Contact: Tanja Schultz and Alan W Black


TransTac
Spoken Language Communication and Translation System for Tactical Use

In this program we develop technologies that enable robust spontaneous two-way tactical speech communications between American warfighters and native speakers. In this context we are investigating issues surrounding the rapid deployment of new languages, especially, low-resource languages and colloquial dialects. Currently we are working on two-way translation between English and Arabic Iraqi. TransTac builds on our existing speech translation technology.

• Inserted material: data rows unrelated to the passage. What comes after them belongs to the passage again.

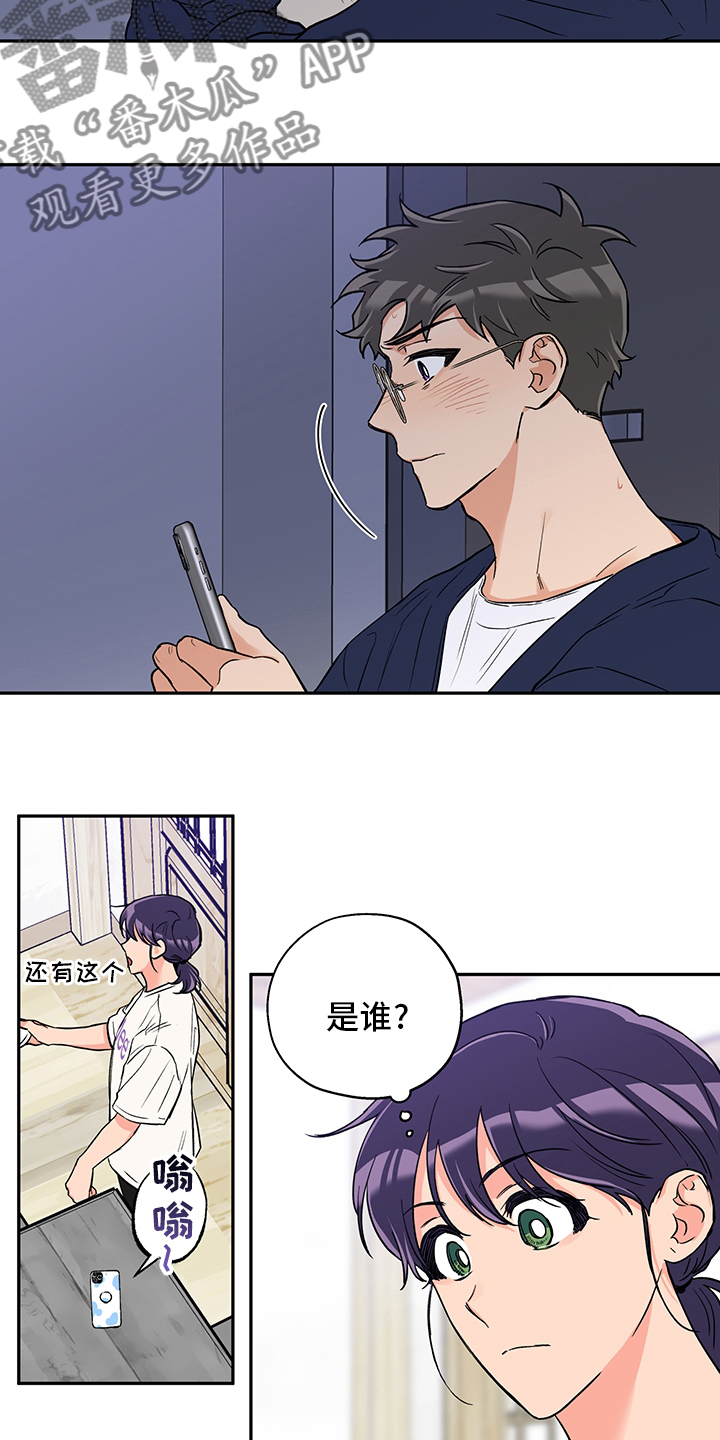赤狼漫画,第92章：地址2图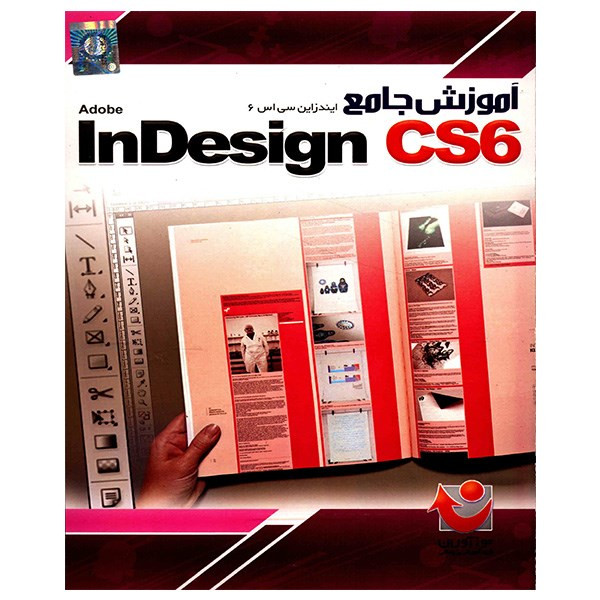 نرم افزار آموزش جامع Indesign CS6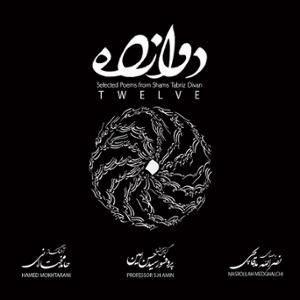 آهنگ دوازده
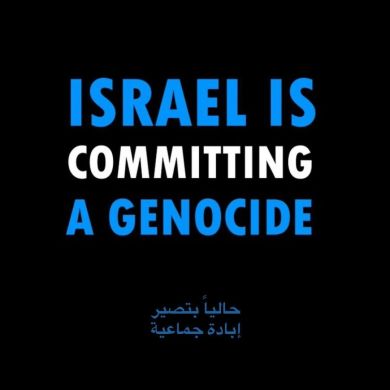 Youssef Ouakani Profile Picture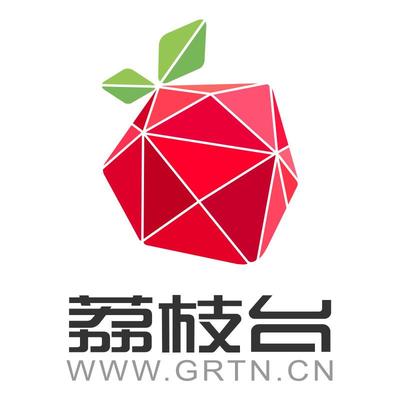 荔枝台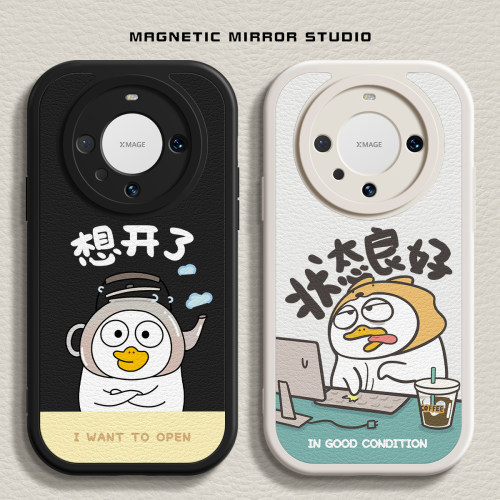 耀适布手华Pa简约壳护保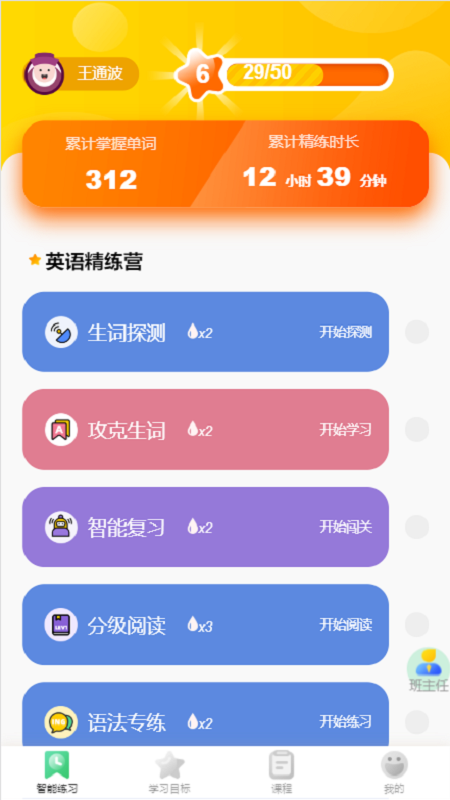小松英语2022安卓最新版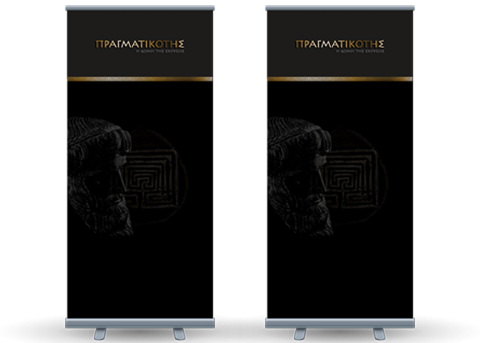 Roll up Advertising banners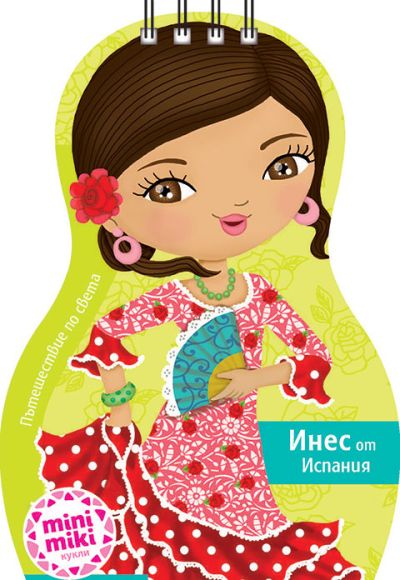 МИНИМИКИ: Инес от Испания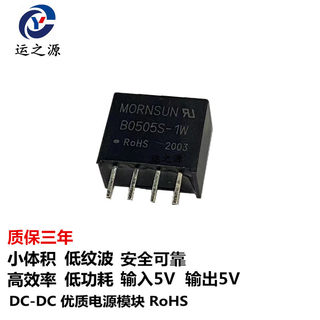 5V转5VDC-DC抗干扰SIP-4全新B0505S-1W厂家直供质保 隔离电源模块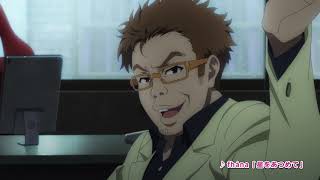 『劇場版 SHIROBAKO』予告編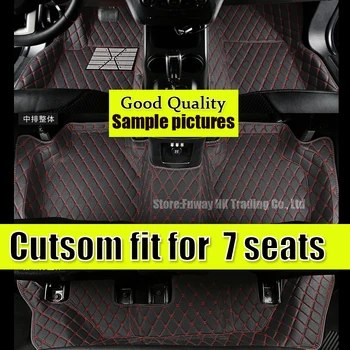 Geras! Custom specialių grindų kilimėliai, kaire Ranka Vairuoti Nissan Patrol Y62 7seats 2017-2011 vandeniui patvarus kilimai,Nemokamas pristatymas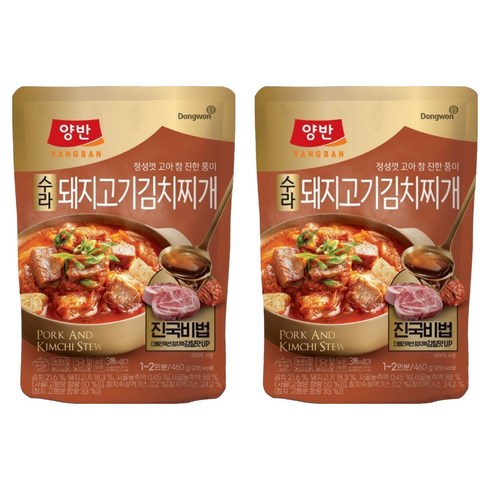 양반 동원 수라 돼지고기 김치찌개, 460g, 2개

Contact: Tanja Schultz and Alan W Black


SUBLIME
Speech and Language Based Information Management Environment

Project SUBLIME develops and tests a speech- and language-based interfaces for information management. We seek to develop cognitively palatable methods for people to access, add to, and modify both personal and public information spaces. Whereas most existing speech interfaces provide wide functionality in a given narrow domain, a SUBLIME interface seeks to provide a relatively narrow functionality (information management) in unrestricted domains.

Contact: Roni Rosenfeld


SLT4D: Speech and Language Technologies for International Development

In underserved communities around the world, spoken language systems are potentially more natural, cheaper to deploy/maintain/upgrade, and place less requirements on the user (such as literacy) than traditional PC/GUI-based systems, while still offering valuable services such as information access and education. Our first project in this domain, in collaboration with Aga Khan University (Karachi, Pakistan), focuses on creating a speech user interface for accessing health information resources by community health care workers in Pakistan. We are investigating both audio-only & multi-modal interfaces, and aim to continously ground the research empirically through user studies with the target population. Through this research, we hope to better understand the levels of literacy (if any) that speech-based information access interfaces are compelling.

Contact: Roni Rosenfeld


Speech Graffiti
Universal Speech Interfaces - USI

Human-machine speech based communication, especially for mobile speech applications and internet speech portals, is fast becoming a reality. Communication with such machines and information-servers does not require the full strength of natural language, nor should it have to cope with its ambiguities. What then is the ideal form of human-machine speech communication? Will there develop a particular style for talking to machines? If so, can we help this process along by developing principles for it? In the Universal Speech Interface (USI) project, we develop and test such principles. In essence, we are trying to do for speech communication what Grafitti(tm) has done for mobile text entry (see also The USI Manifesto).

Contact: Roni Rosenfeld


Information Retrieval Projects

The Information Retrieval projects include a wide range of issues related to finding, organizing, analyzing, and communicating information.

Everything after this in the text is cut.